For homology-based gene prediction, full-genome protein sequences from three Xenocyprididae family species were utilized. Grass carp (Ctenopharyngodon idella, GCF_019924925.1), Wuchang bream (Megalobrama amblycephala, GCF_018812025.1), and predatory carp (Chanodichthys erythropterus, GCF_024489055.1) genomes were downloaded from GenBank as sources of homologous proteins. To align multi-species homologous protein sequences against the target genome, MMseqs v15-6f45226 was employed, applying a filter criterion of “identity > 0.1, evalue < 1e-3”. Overlapping High Scoring Segment Pairs (HSPs) resulting from alternative splicing were merged, and a stricter filter was applied with “identity > 0.2, evalue < 1e-9, query coverage > 0.3”. To refine the alignment accuracy, genewise v2.4.127, gth v1.7.328, and exonerate v2.2.029 were used to perform precise spliced alignments of matched proteins to their homologous protein sequences, aiding in the prediction of gene structures for each protein region. RNA-Seq datasets from ten tissues were subjected to quality control using Trimmomatic v0.3930 and the trimmed reads were aligned to the reference genome sequence using HISAT2 v2.1.031. Open Reading Frames (ORFs) were predicted from the assembled transcripts with TransDecoder v5.5.032. Additionally, Augustus v3.5.033 was used for de novo prediction of gene structures. The gene predictions from gene predictions were combined to create a non-redundant reference gene set, resulting in a total of 28,674 protein-coding genes (Table 6).

Protein-coding genes were annotated by the aligning genomic sequences against the NT database using Blast v2.13.034 with an e-value threshold set at 1e-10. The predicted protein sequences were further compared against the NR, Uniprot35, GO36, KEGG37, COG38, Pfam39 databases utilizing diamond v2.1.840. Ultimately, 28,637 genes (99.87%) received successful annotations (Table 6).

Colinearity analysis

Genome collinearity analysis and visualizations were performed using the MCScanX41 tool from TBtools v2.09642 with parameters set as follows: e-value was set to 1e-10, and the Number of BlastHits was set to 5. Collinearity analysis between O. elongatus and two other species from the family Xenocyprididae revealed high collinearity, indicating good assembly quality of O. elongatus (Fig. 4).

Data Records

The sequencing dataset and the genome assembly are stored in public databases. The sequencing data used for genome assembly, including PacBio, Hi-C, and RNA-seq, have been deposited in the National Center for Biotechnology Information’s (NCBI) Sequence Read Archive (SRA) under BioProject PRJNA116301543. The complete genomic sequence data has been submitted to NCBI GenBank database with the accession number GCA_041950425.144. The results of the genome annotation have been made available in the Figshare database45.

Technical Validation

For DNA intended for library preparation and sequencing, quality and purity were evaluated using 0.75% agarose gel electrophoresis, which showed that the main band size was greater than 23,130 bp. Additionally, purity and concentration were assessed using both a NanoDrop One UV-Vis spectrophotometer (Thermo Fisher Scientific, USA) and Qubit Fluorometer (Invitrogen, USA). The concentrations measured by both instruments were greater than 461.0 ng/µL. The NanoDrop results also indicated a 260/280 ratio of 1.87 and a 260/230 ratio of 2.43.

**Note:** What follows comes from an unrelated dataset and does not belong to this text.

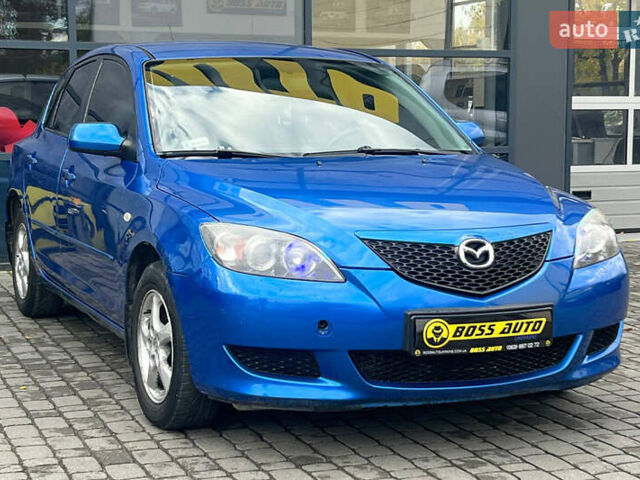 Синий Мазда 3, объемом двигателя 1.35 л и пробегом 182 тыс. км за 3900 $, фото 1 на Automoto.ua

The RNA used for library preparation and sequencing had a concentration greater than 640.0 ng/µL as measured by NanoDrop and Qubit. Its integrity was assessed using the Agilent 2100 Bioanalyzer (Agilent, USA) with Agilent RNA 6000 Nano Kit (Agilent, USA), yielding an RNA Integrity Number (RIN) of 8.8, indicating good integrity.

BLAST v2.13.0 was used to align genomic sequences to the NT database, enabling the identification of protein-coding genes and the assessment of genomic sequence contamination. A stringent 1e-10 e-value cutoff was selected. The analysis confirmed that there were no bacterial or artificial contaminants in our constructed genome.